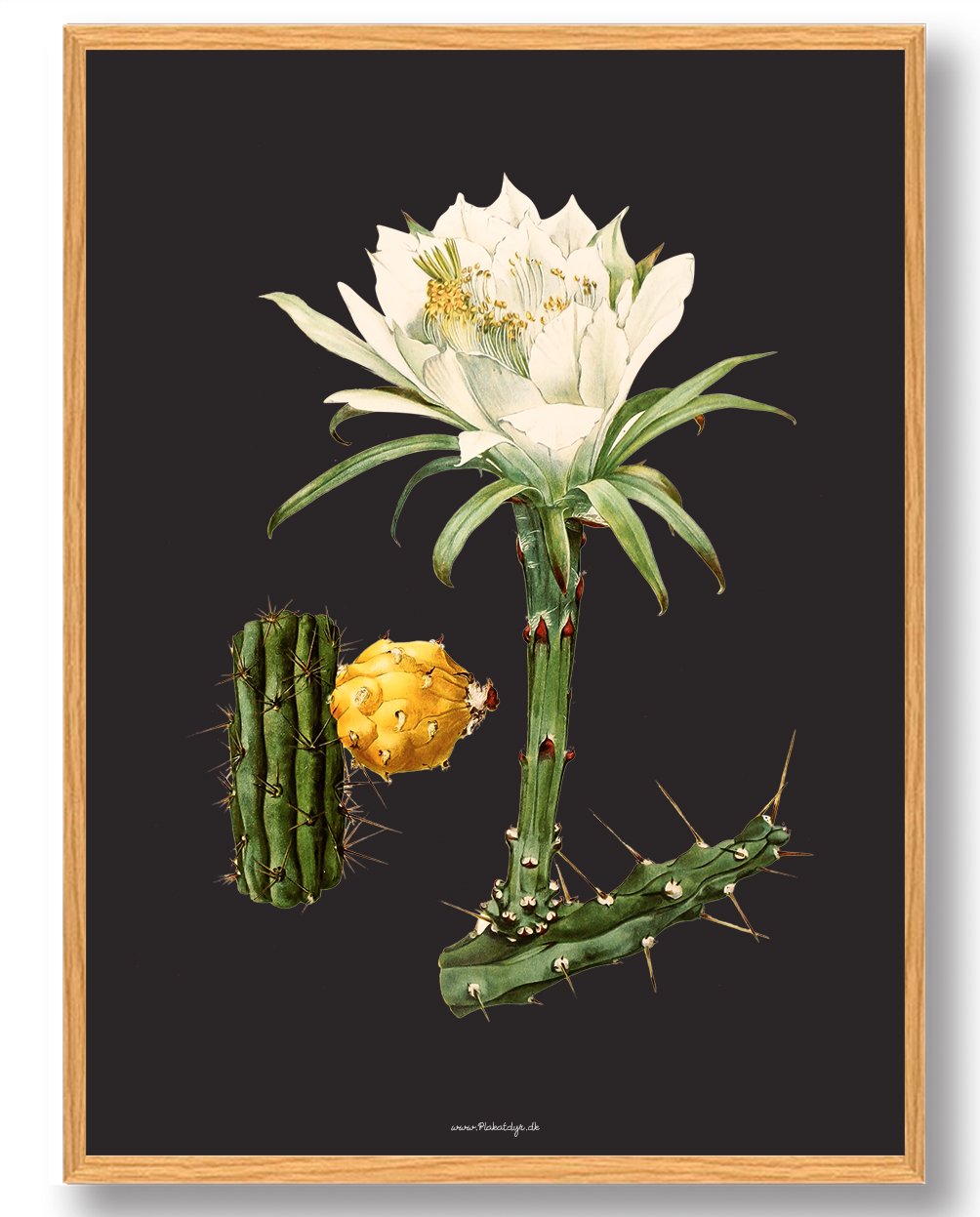 Sort Kaktus Plakat - Naturplakat Tilbud til Dit Hjem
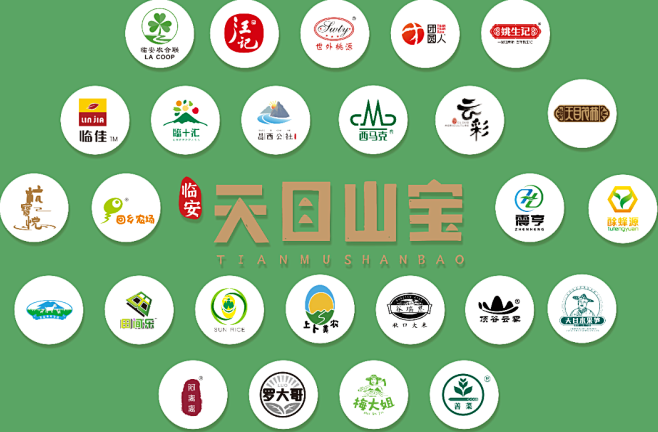 天目山宝部分授权企业logo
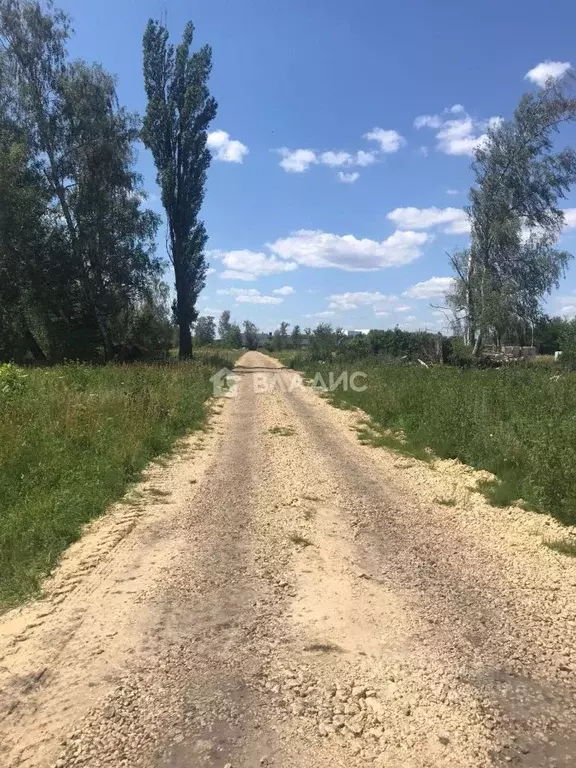 Участок в Воронежская область, Воронеж ул. Совхозная (5.0 сот.) - Фото 1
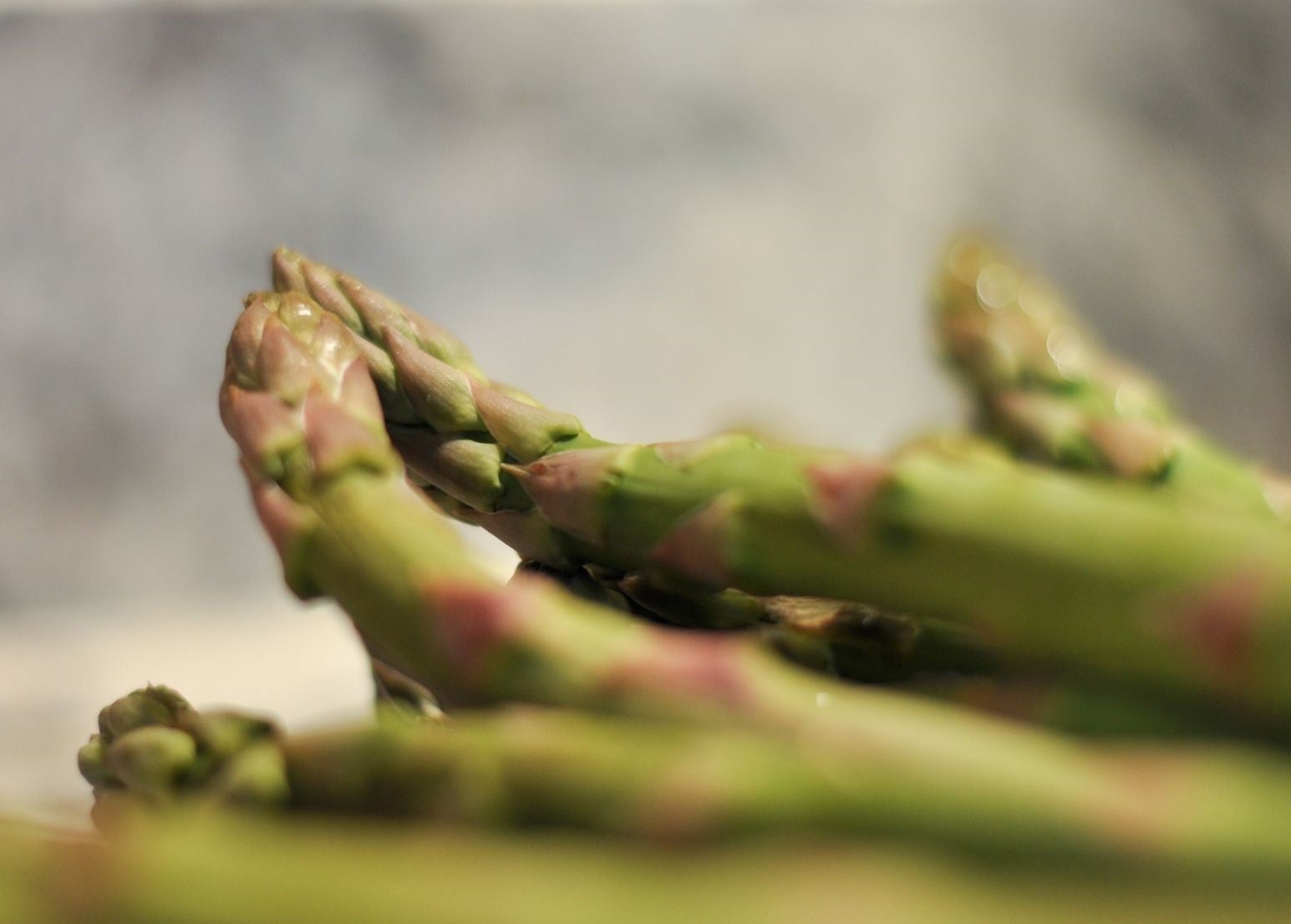 asparagus business plan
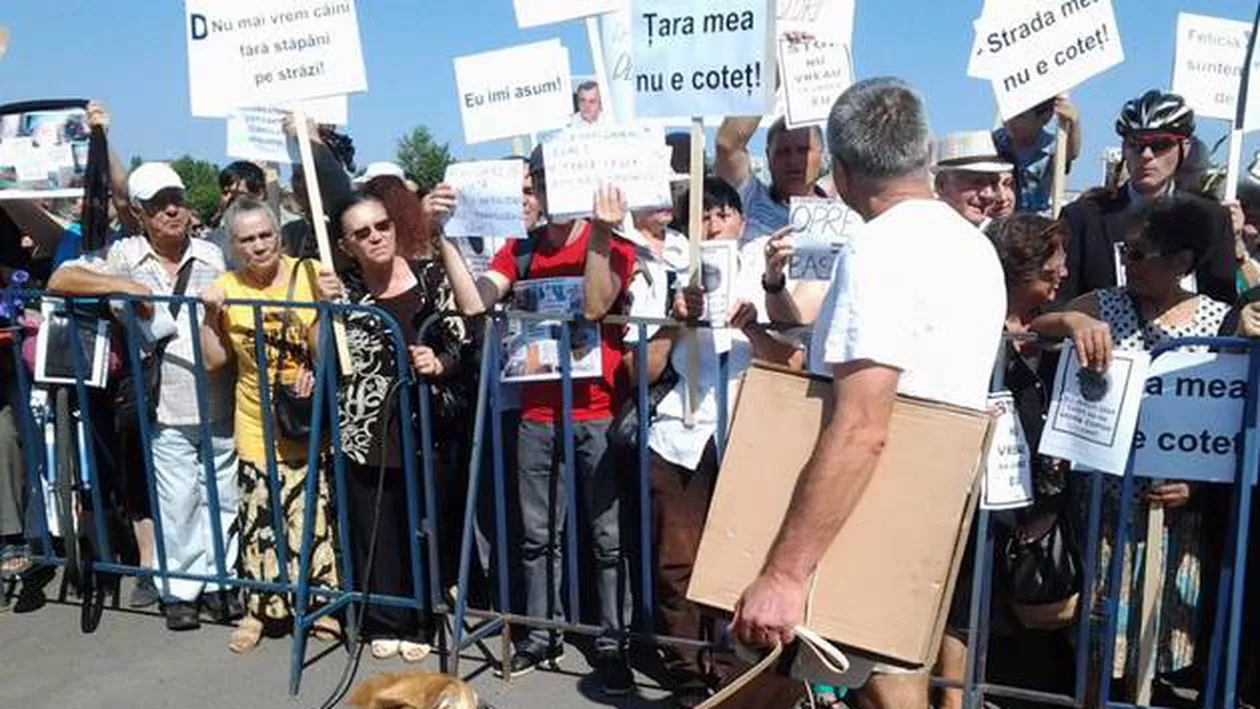 Cluj: Peste 150 de persoane protestează faţă de eutanasierea câinilor fără stăpân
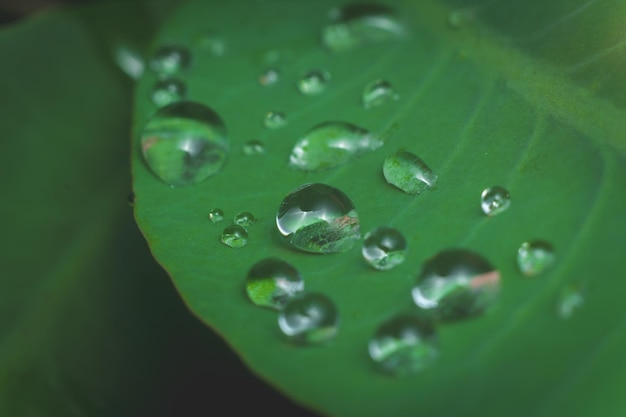 primo piano fotografia macro gocce d'acqua dopo la pioggia su sfondo verde foglia foto premium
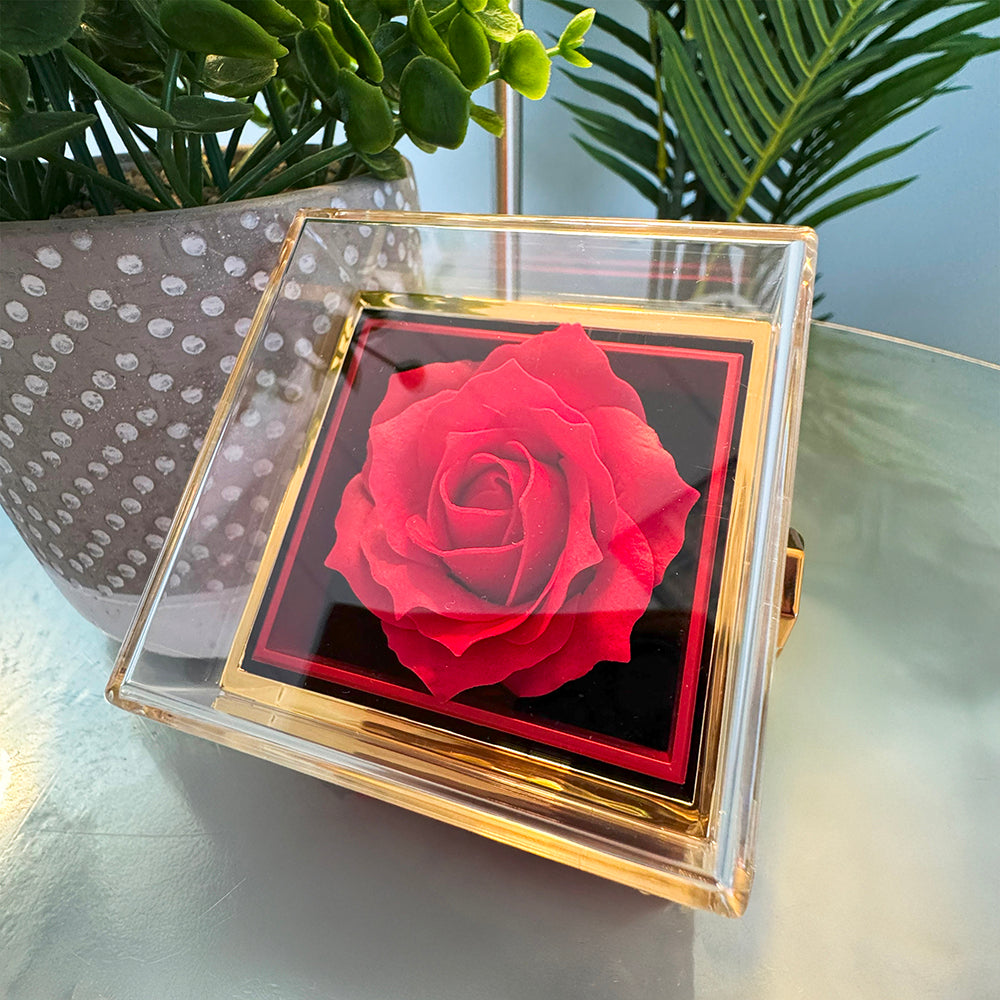 Coffret Nœud d'Amour personnalisé – Collier & Rose Éternelle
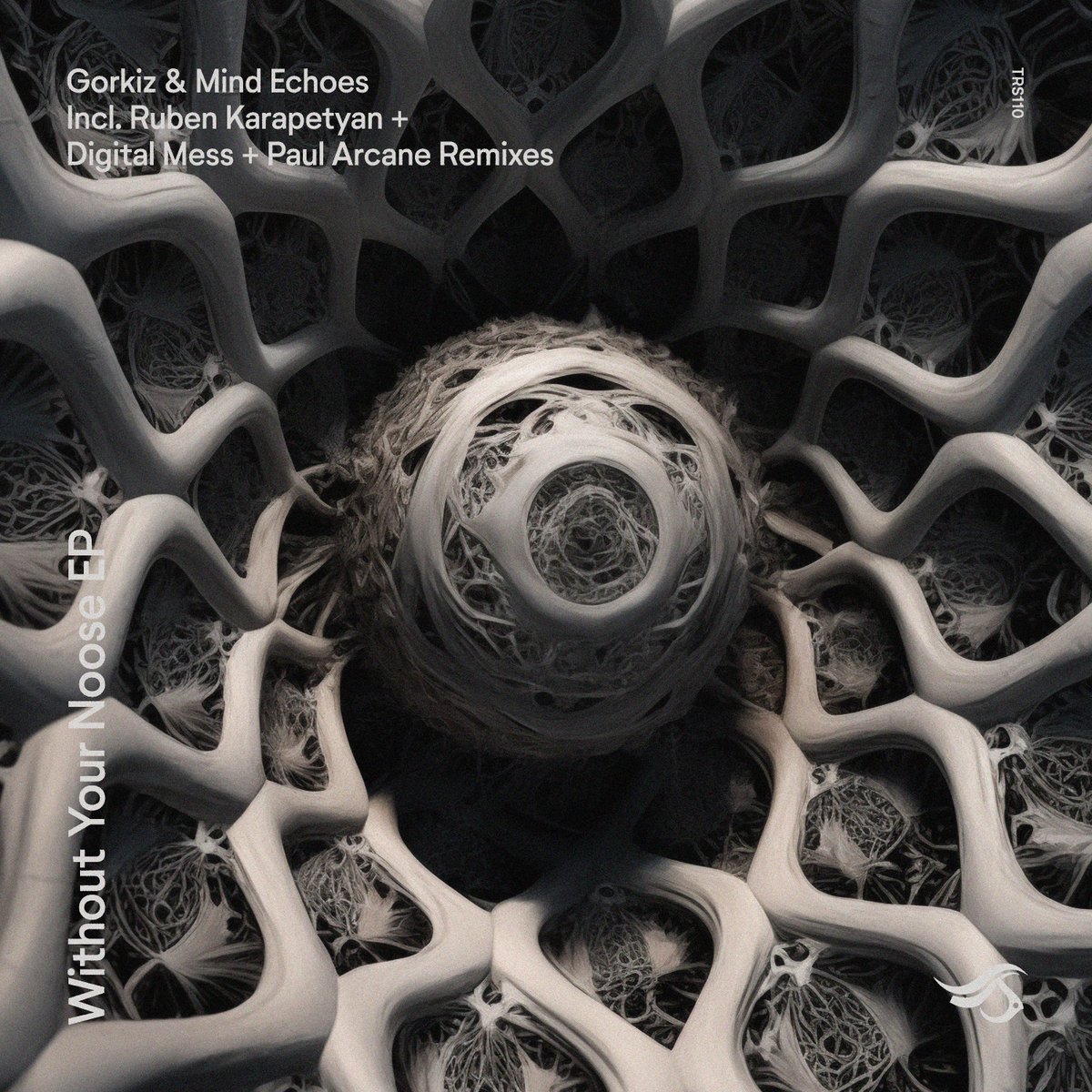 first release of 2024 is out now 🎧 my remix for Gorkiz & Mind Echoes on @transensations Records (label debut!) this is 'Without Your Noose' (Paul Arcane Remix)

AIM OF THE TASK: With the pictures excluded, the line containing "primo piano fotografia" and every line after it through the end of the data above are to be transcribed exactly, and nothing more.

EXERCISE RESULT:
 primo piano fotografia macro gocce d'acqua dopo la pioggia su sfondo verde foglia foto premium
 Coffret Nœud d'Amour personnalisé – Collier & Rose Éternelle
 first release of 2024 is out now 🎧 my remix for Gorkiz & Mind Echoes on @transensations Records (label debut!) this is 'Without Your Noose' (Paul Arcane Remix)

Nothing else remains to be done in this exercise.